**ASSIGNMENT:** Would you retype the line that contains "Modern Flames OR76-SLIM" and all lines following it to the end of the entries below, exactly and without pictures?

**DATA SECTION:**
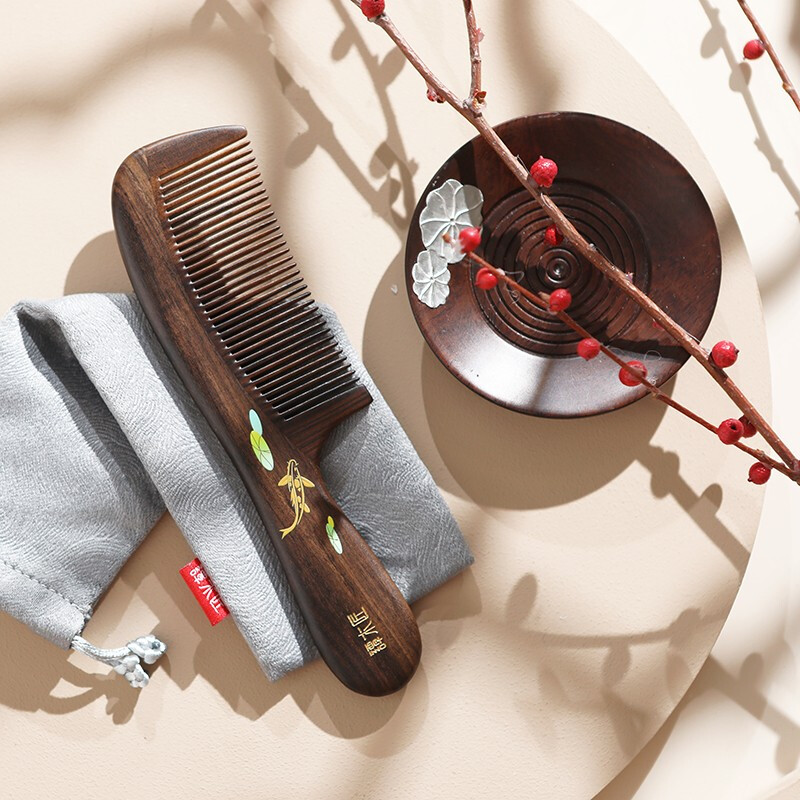 谭木匠 木梳礼盒 自在锦鲤高清大图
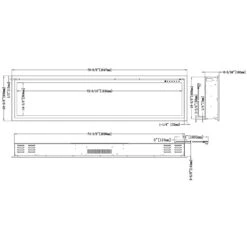 Modern Flames OR76-SLIM Orion Slim 76-Inch Linear Built-In Electric Fireplace -Natural Gas Fire Place Store or76 slim spec a 04 22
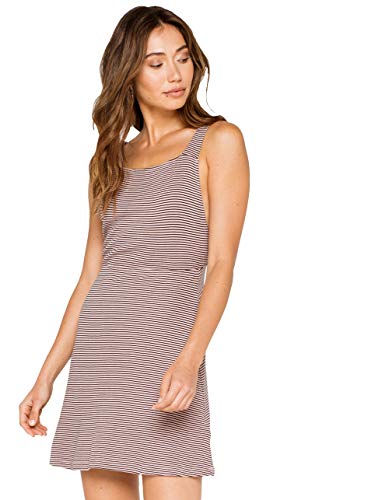 RVCA womens Bronwen Ribbed Dress, Dusty Rose, Small US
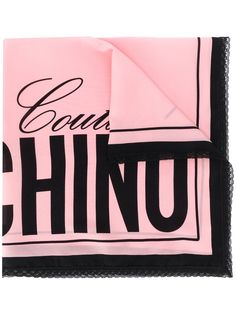 Moschino шарф с логотипом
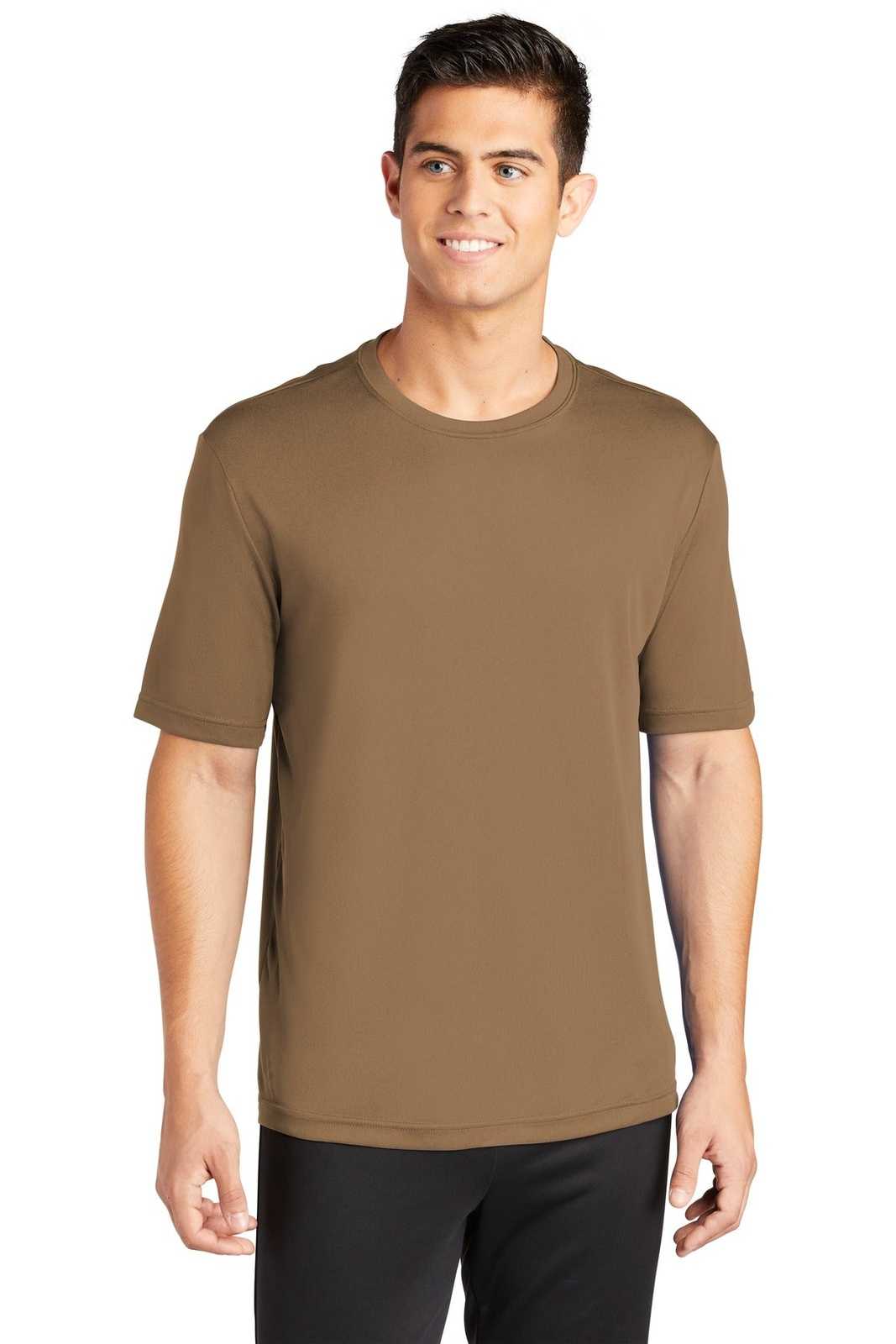 Sport-Tek ST350 PosiCharge Competitor Tee - Woodland Brown - HIT a Double - 1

**RESPONSE TO THE EXERCISE:**
 Modern Flames OR76-SLIM Orion Slim 76-Inch Linear Built-In Electric Fireplace -Natural Gas Fire Place Store or76 slim spec a 04 22
 RVCA womens Bronwen Ribbed Dress, Dusty Rose, Small US
 Moschino шарф с логотипом
 Sport-Tek ST350 PosiCharge Competitor Tee - Woodland Brown - HIT a Double - 1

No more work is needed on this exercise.